** Opening DATA SUPPLIED block **

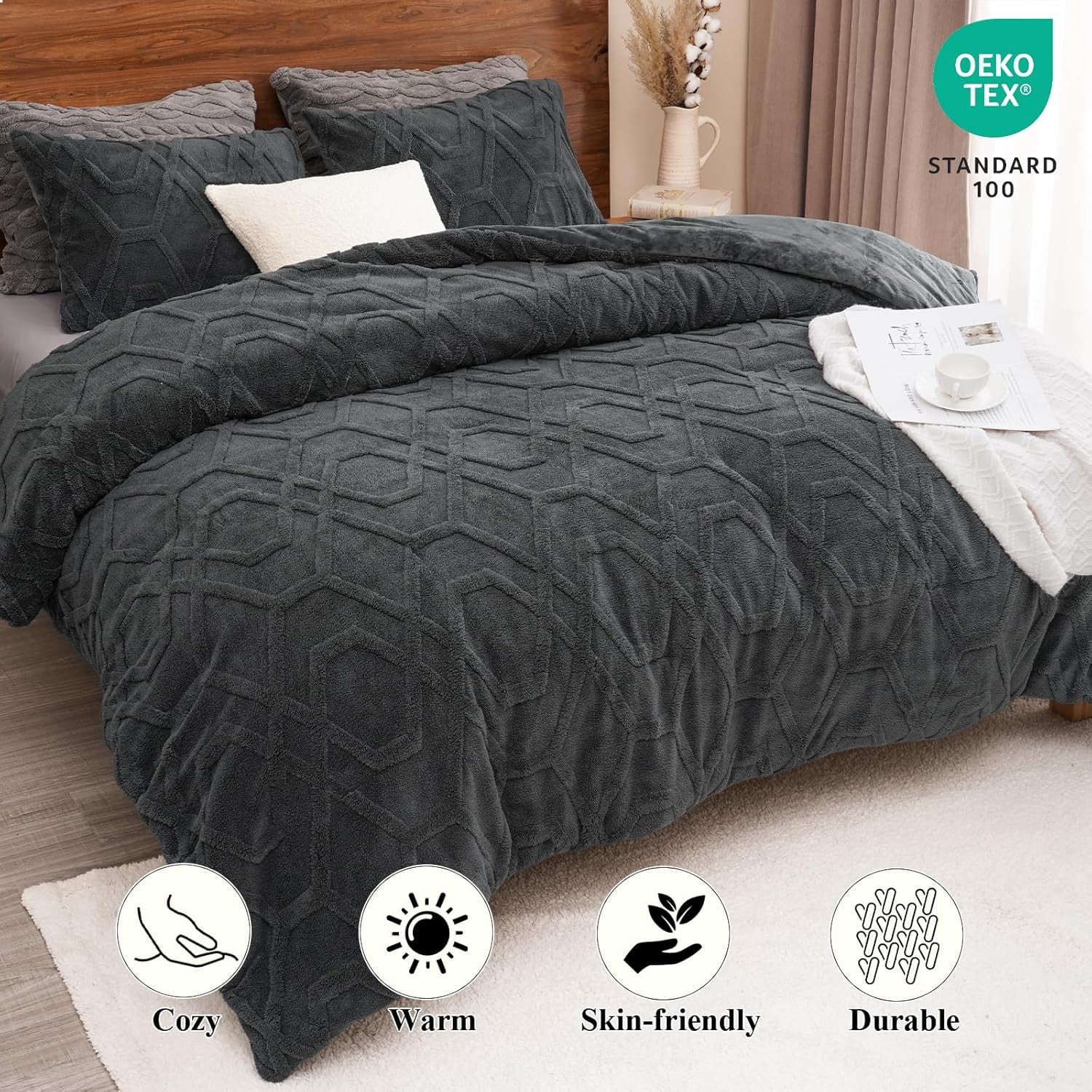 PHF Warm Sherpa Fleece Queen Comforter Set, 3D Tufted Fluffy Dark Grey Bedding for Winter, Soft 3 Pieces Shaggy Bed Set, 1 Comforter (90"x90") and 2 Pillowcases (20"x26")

** Closing DATA SUPPLIED block **
** Opening DATA SUPPLIED block **

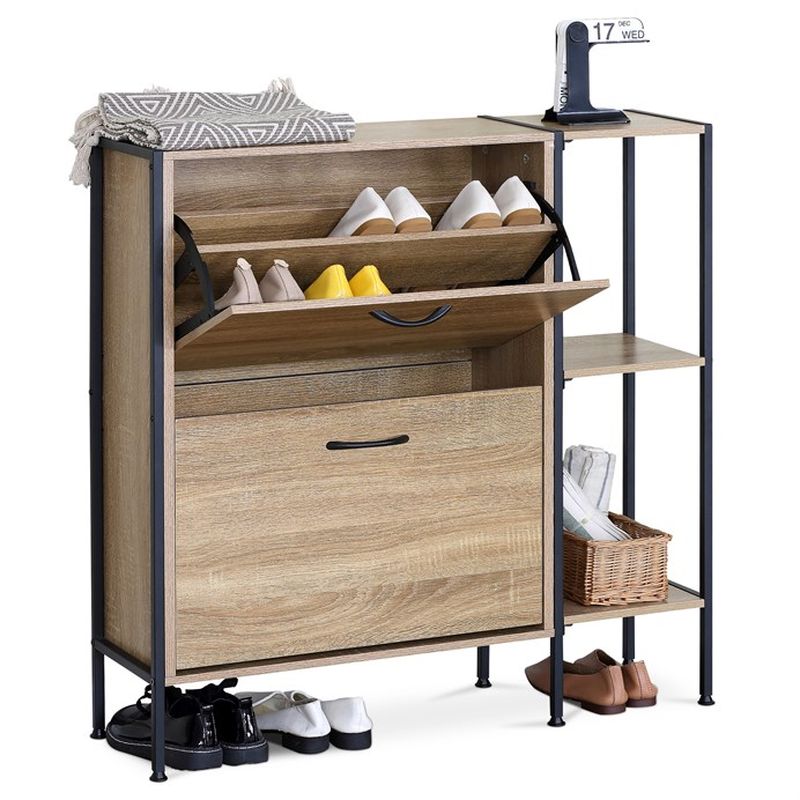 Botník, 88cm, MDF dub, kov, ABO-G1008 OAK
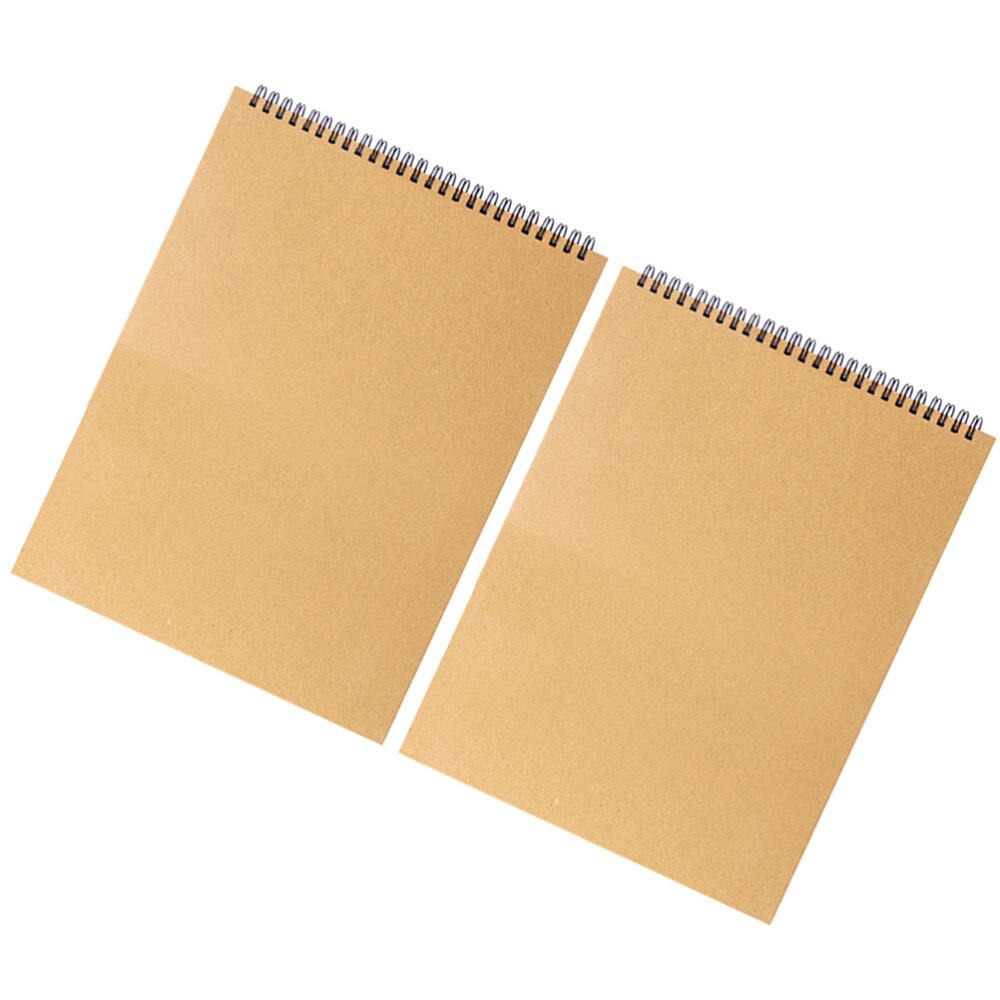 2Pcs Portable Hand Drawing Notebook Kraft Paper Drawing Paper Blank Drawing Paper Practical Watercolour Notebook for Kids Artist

** Closing DATA SUPPLIED block **

EXERCISE DETAILS
The material above holds pictures; leave them out. Repeat exactly the lines from the one containing "Botník, 88cm, MDF dub, kov, ABO-G1008 OAK" through the one containing "2Pcs Portable Hand", and nothing else.

TASK RESULT
 Botník, 88cm, MDF dub, kov, ABO-G1008 OAK
 2Pcs Portable Hand Drawing Notebook Kraft Paper Drawing Paper Blank Drawing Paper Practical Watercolour Notebook for Kids Artist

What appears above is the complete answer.